What is being asked = Each entry is to be given again precisely, and no picture may be carried over.

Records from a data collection

════════════════

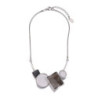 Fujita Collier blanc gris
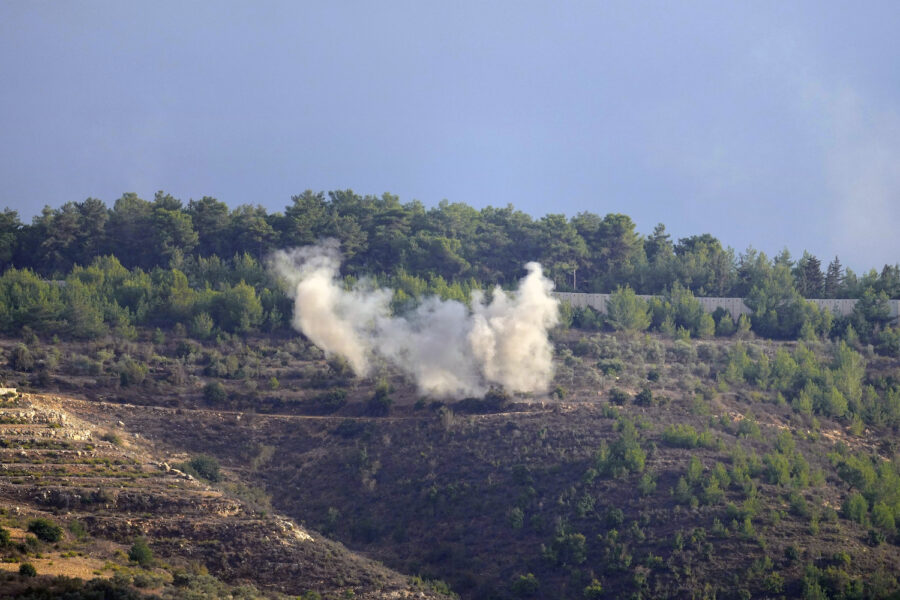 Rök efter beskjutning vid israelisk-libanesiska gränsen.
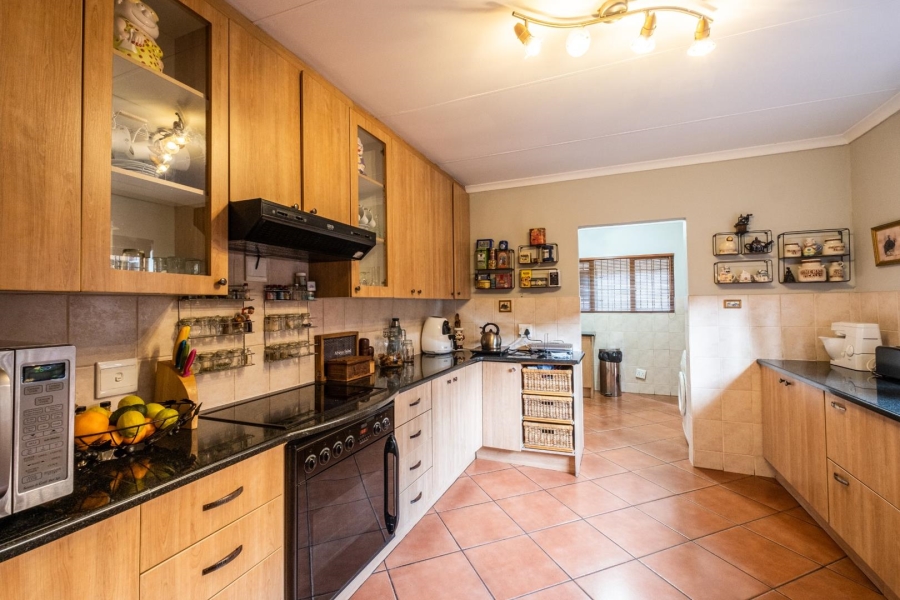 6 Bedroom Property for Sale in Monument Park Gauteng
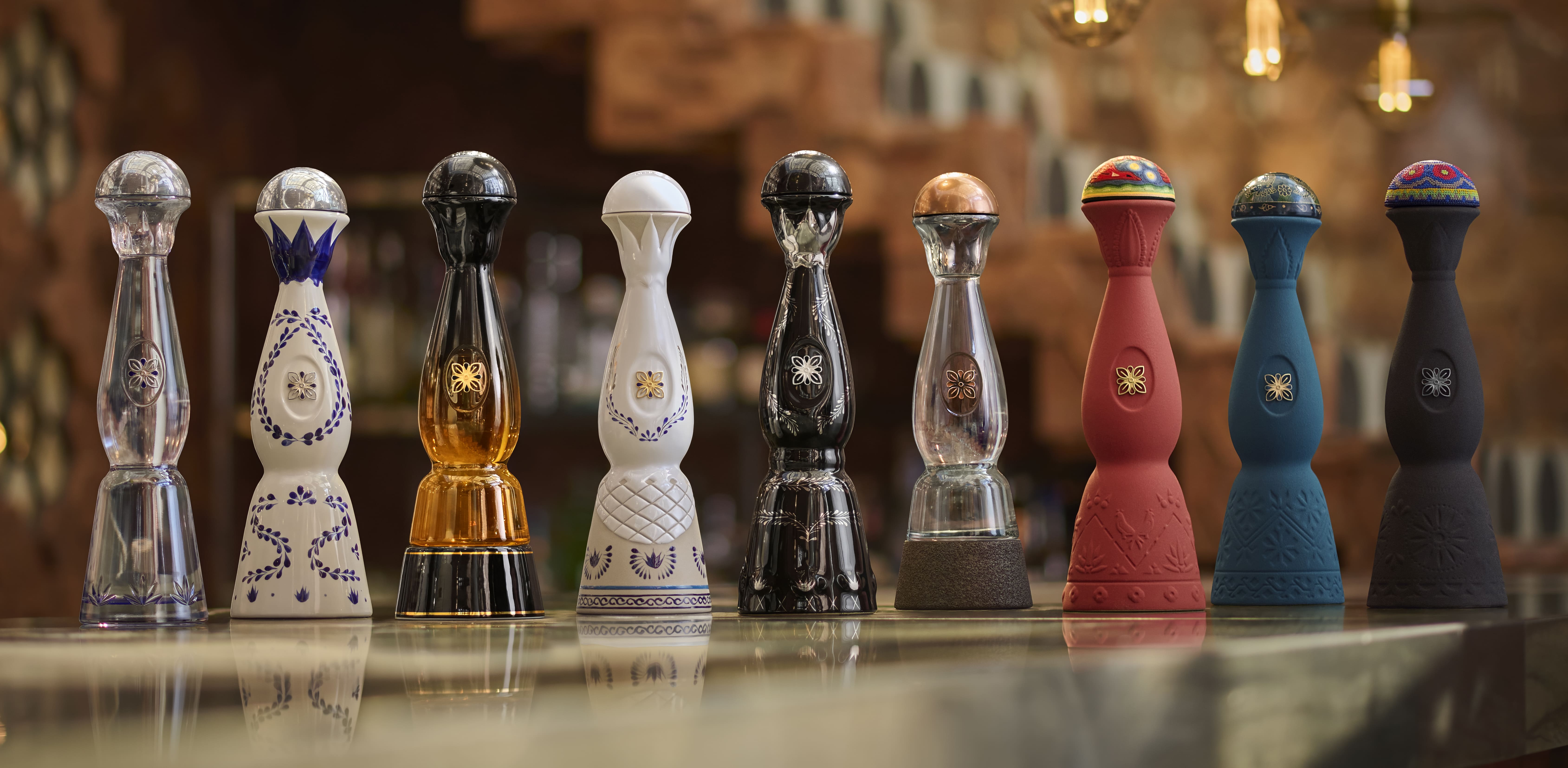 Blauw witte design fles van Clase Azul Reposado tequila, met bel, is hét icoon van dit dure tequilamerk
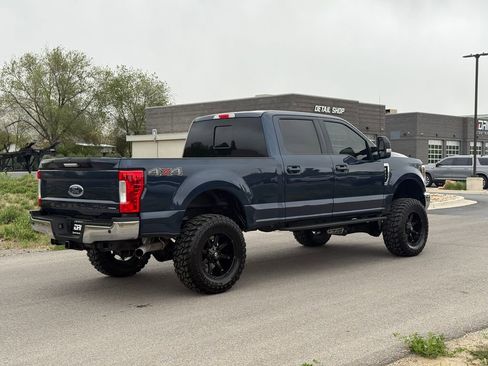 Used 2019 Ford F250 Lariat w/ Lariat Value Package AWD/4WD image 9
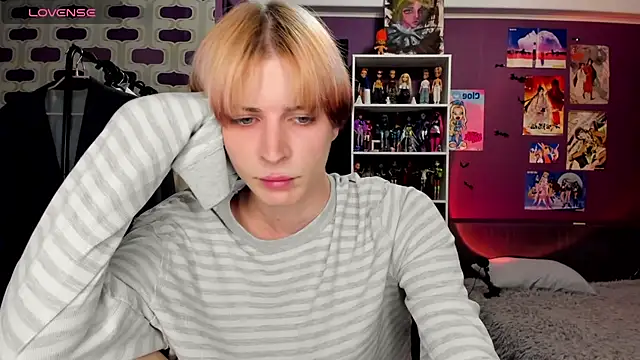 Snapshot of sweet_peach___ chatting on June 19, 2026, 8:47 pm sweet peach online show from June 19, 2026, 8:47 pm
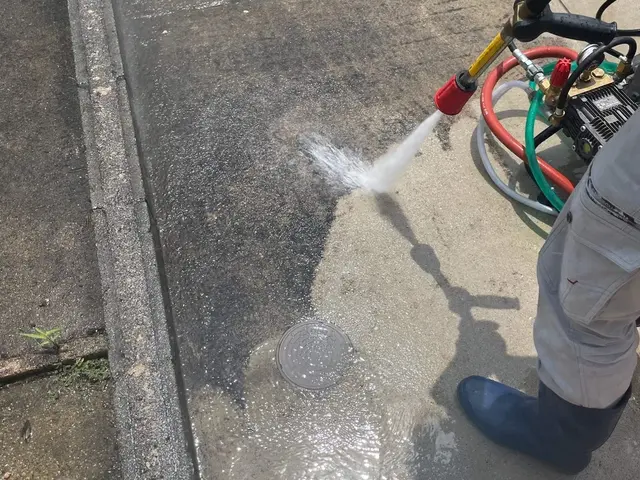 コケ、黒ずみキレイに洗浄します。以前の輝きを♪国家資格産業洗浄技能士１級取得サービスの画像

════════════════

Answer box =
 Fujita Collier blanc gris
 Rök efter beskjutning vid israelisk-libanesiska gränsen.
 6 Bedroom Property for Sale in Monument Park Gauteng
 Blauw witte design fles van Clase Azul Reposado tequila, met bel, is hét icoon van dit dure tequilamerk
 Used 2019 Ford F250 Lariat w/ Lariat Value Package AWD/4WD image 9
 Snapshot of sweet_peach___ chatting on June 19, 2026, 8:47 pm sweet peach online show from June 19, 2026, 8:47 pm
 コケ、黒ずみキレイに洗浄します。以前の輝きを♪国家資格産業洗浄技能士１級取得サービスの画像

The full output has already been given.